Requirement
Exact copies of all the records are to be printed.

Recorded information
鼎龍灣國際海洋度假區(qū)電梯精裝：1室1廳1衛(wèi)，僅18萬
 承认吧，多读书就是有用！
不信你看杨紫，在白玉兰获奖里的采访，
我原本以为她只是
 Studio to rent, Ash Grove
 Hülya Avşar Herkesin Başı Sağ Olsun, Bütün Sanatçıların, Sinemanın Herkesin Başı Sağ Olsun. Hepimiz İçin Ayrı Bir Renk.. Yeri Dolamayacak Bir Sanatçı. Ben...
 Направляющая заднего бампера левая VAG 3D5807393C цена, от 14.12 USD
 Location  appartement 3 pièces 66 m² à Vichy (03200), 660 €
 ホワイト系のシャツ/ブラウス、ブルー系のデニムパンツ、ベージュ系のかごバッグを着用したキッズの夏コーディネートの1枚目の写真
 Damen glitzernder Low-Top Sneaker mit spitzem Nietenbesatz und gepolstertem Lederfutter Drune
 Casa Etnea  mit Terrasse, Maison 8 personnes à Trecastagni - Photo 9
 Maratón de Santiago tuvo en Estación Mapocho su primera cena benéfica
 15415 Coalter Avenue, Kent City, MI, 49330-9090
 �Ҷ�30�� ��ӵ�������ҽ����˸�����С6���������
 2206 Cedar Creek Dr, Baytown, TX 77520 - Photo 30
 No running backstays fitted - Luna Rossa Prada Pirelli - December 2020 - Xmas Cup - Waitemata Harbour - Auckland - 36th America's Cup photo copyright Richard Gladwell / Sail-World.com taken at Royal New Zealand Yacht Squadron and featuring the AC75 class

Response area
鼎龍灣國際海洋度假區(qū)電梯精裝：1室1廳1衛(wèi)，僅18萬
 承认吧，多读书就是有用！
不信你看杨紫，在白玉兰获奖里的采访，
我原本以为她只是
 Studio to rent, Ash Grove
 Hülya Avşar Herkesin Başı Sağ Olsun, Bütün Sanatçıların, Sinemanın Herkesin Başı Sağ Olsun. Hepimiz İçin Ayrı Bir Renk.. Yeri Dolamayacak Bir Sanatçı. Ben...
 Направляющая заднего бампера левая VAG 3D5807393C цена, от 14.12 USD
 Location  appartement 3 pièces 66 m² à Vichy (03200), 660 €
 ホワイト系のシャツ/ブラウス、ブルー系のデニムパンツ、ベージュ系のかごバッグを着用したキッズの夏コーディネートの1枚目の写真
 Damen glitzernder Low-Top Sneaker mit spitzem Nietenbesatz und gepolstertem Lederfutter Drune
 Casa Etnea  mit Terrasse, Maison 8 personnes à Trecastagni - Photo 9
 Maratón de Santiago tuvo en Estación Mapocho su primera cena benéfica
 15415 Coalter Avenue, Kent City, MI, 49330-9090
 �Ҷ�30�� ��ӵ�������ҽ����˸�����С6���������
 2206 Cedar Creek Dr, Baytown, TX 77520 - Photo 30
 No running backstays fitted - Luna Rossa Prada Pirelli - December 2020 - Xmas Cup - Waitemata Harbour - Auckland - 36th America's Cup photo copyright Richard Gladwell / Sail-World.com taken at Royal New Zealand Yacht Squadron and featuring the AC75 class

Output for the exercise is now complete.